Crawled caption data

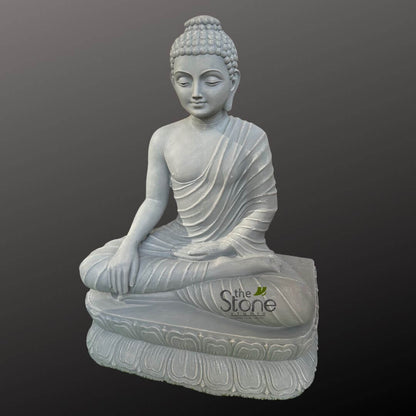 Bhumisparsha Buddha Idol 3ft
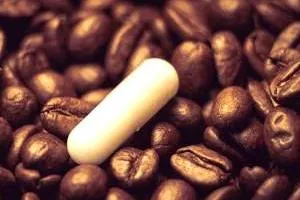 قرص کافئین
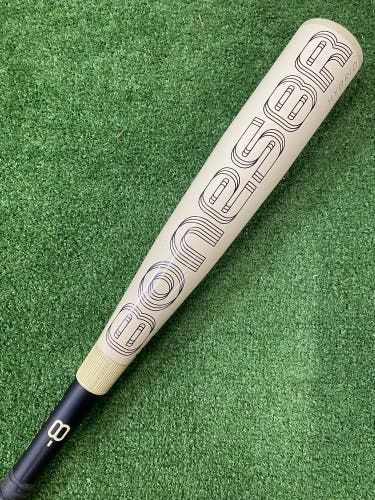 Warstic Bonesaber Hybrid (2 5/8") USA Bat Kid Pitch 2024 (-8)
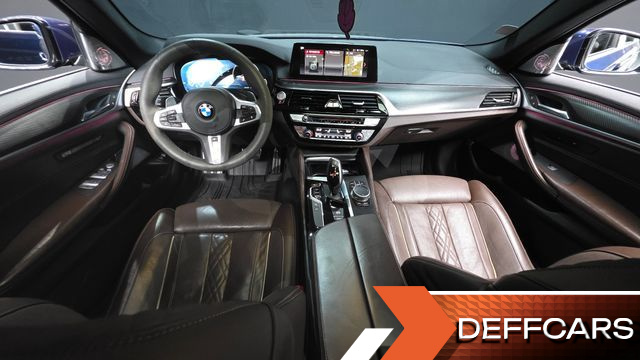 BMW 5-SERIES 530i xDrive M Sport Package Plus купить на сайте DeffCars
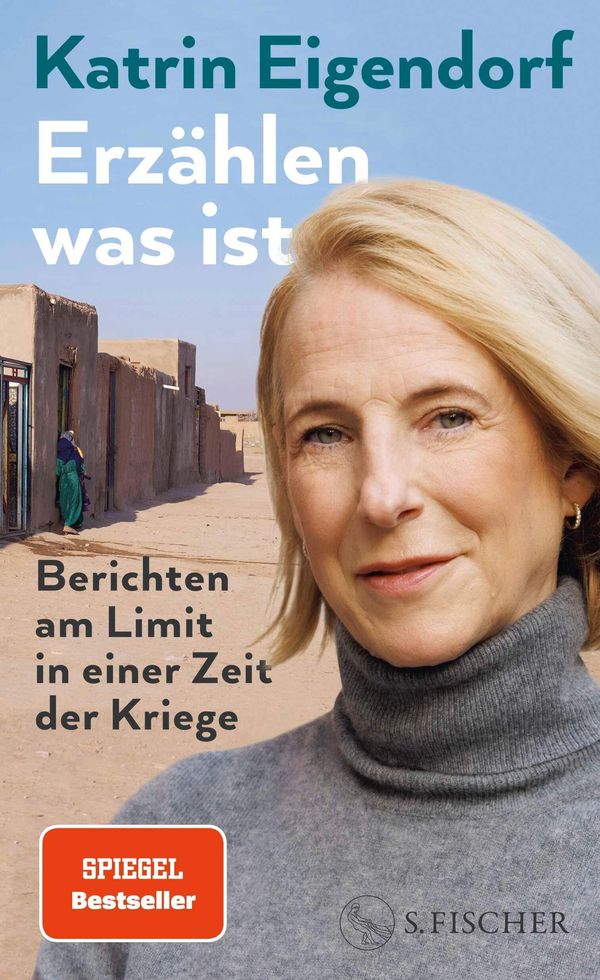 Berichten am Limit (AT) - Katrin Eigendorf (Buch)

= What you should do =
Pictures stay out; the records above are otherwise reproduced exactly.

= Response =
 Bhumisparsha Buddha Idol 3ft
 قرص کافئین
 Warstic Bonesaber Hybrid (2 5/8") USA Bat Kid Pitch 2024 (-8)
 BMW 5-SERIES 530i xDrive M Sport Package Plus купить на сайте DeffCars
 Berichten am Limit (AT) - Katrin Eigendorf (Buch)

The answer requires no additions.